Au Centre collégial de Mont-Laurier du Cégep de Saint-Jérôme, May Anne Tremblay enseigne le cours Intervention: Santé mentale et dépendances en Techniques d’éducation spécialisée. Elle a voulu développer l’empathie de ses étudiants et de ses étudiantes envers les personnes schizophrènes. Pour y arriver, rien de mieux que la réalité virtuelle!
May Anne Tremblay a fait vivre à ses élèves l’expérience de l’application Goliath [en anglais]. Cette application est gratuite sur les casques Meta (Oculus) Quest 2. May Anne a discuté de son expérience avec le technopédagogue de son collège, Édouard Morrissette, dans un épisode du balado de celui-ci: Les défricheurs du numérique.
Développer l’empathie envers les personnes schizophrènes
Dans Goliath, Jon, un homme schizophrène, partage son vécu dans une expérience immersive d’environ 25 minutes.
La schizophrénie affecte la perception de la réalité. L’application permet d’expérimenter ce que vivent les personnes atteintes de schizophrénie.
La personne qui porte le casque:
- voit ses mains se transformer en formes géométriques
- entend son nom être répété sans savoir d’où provient le son
- vit des expériences déstabilisantes
- etc.
Pour May Anne, l’objectif de l’activité est d’amener ses élèves à avoir une meilleure compréhension de ce qu’est la schizophrénie. L’utilisation de l’application Goliath vise à développer l’empathie des élèves envers les personnes schizophrènes, ce qui peut être difficile dans un cours magistral. Goliath permet aux élèves de vraiment comprendre à quel point la schizophrénie est déstabilisante pour ceux et celles qui en souffrent.
Pour assurer le bon déroulement de la séance
Le Centre collégial de Mont-Laurier s’est doté de 6 casques de réalité virtuelle Oculus Quest 2, (devenu depuis Meta Quest 2).
May Anne a divisé son groupe de 21 élèves en 4 sous-groupes de 5 ou 6 personnes. Même si l’expérience Goliath ne dure qu’environ 25 ou 30 minutes, May Anne Tremblay a prévu 50 minutes par sous-groupe. En effet, puisque l’application Goliath est très immersive et déroutante, elle voulait que chaque élève ait d’abord la chance de se familiariser avec le casque. Pour ce faire, elle a d’abord présenté aux élèves un extrait de quelques secondes d’une vidéo YouTube qui présente l’interface du casque. Elle voulait aider les élèves à repérer le bouton qui permet d’ouvrir la bibliothèque de jeux et leur permettre de voir la bibliothèque à l’avance. Elle leur a expliqué les boutons sur lesquels appuyer… et ceux à éviter! Puis, elle les a invités à utiliser l’application d’introduction fournie avec les casques, First steps [en anglais], pendant une dizaine de minutes.

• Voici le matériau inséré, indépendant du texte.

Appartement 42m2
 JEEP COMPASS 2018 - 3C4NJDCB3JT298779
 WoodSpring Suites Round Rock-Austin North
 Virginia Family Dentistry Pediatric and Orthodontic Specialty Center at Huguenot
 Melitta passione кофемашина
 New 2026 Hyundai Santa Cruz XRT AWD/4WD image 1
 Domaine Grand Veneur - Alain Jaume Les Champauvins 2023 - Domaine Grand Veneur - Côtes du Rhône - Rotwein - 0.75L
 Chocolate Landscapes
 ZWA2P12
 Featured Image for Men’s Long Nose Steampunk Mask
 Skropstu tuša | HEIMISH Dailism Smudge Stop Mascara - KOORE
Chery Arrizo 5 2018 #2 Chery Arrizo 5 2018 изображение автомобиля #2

Il est important de noter que la majorité des applications de réalité virtuelle sont en anglais. Dans Goliath, le personnage parle anglais avec un accent prononcé. Pour s’assurer que les élèves qui parlent peu anglais comprennent quand même, May Anne et Édouard ont trouvé sur YouTube une vidéo d’un utilisateur de Goliath qui s’est enregistré en jouant [en anglais]. Le rendu est en 2D et l’expérience de visionnement n’est pas du tout la même, mais, sur YouTube, des sous-titres sont disponibles. May Anne et Édouard ont téléchargé les sous-titres (avec le site web DownSub), les ont traduits (avec Google Translate) et les ont partagés avec les élèves.
Réactions des élèves
May Anne Tremblay a sondé ses élèves après l’expérience. 94% des élèves qui ont répondu au sondage ont trouvé l’expérience très satisfaisante, 6% l’ont trouvé satisfaisante. Personne n’a été insatisfait. 94% encore ont trouvé les casques très faciles à utiliser, alors que May Anne craignait initialement que ce soit un obstacle.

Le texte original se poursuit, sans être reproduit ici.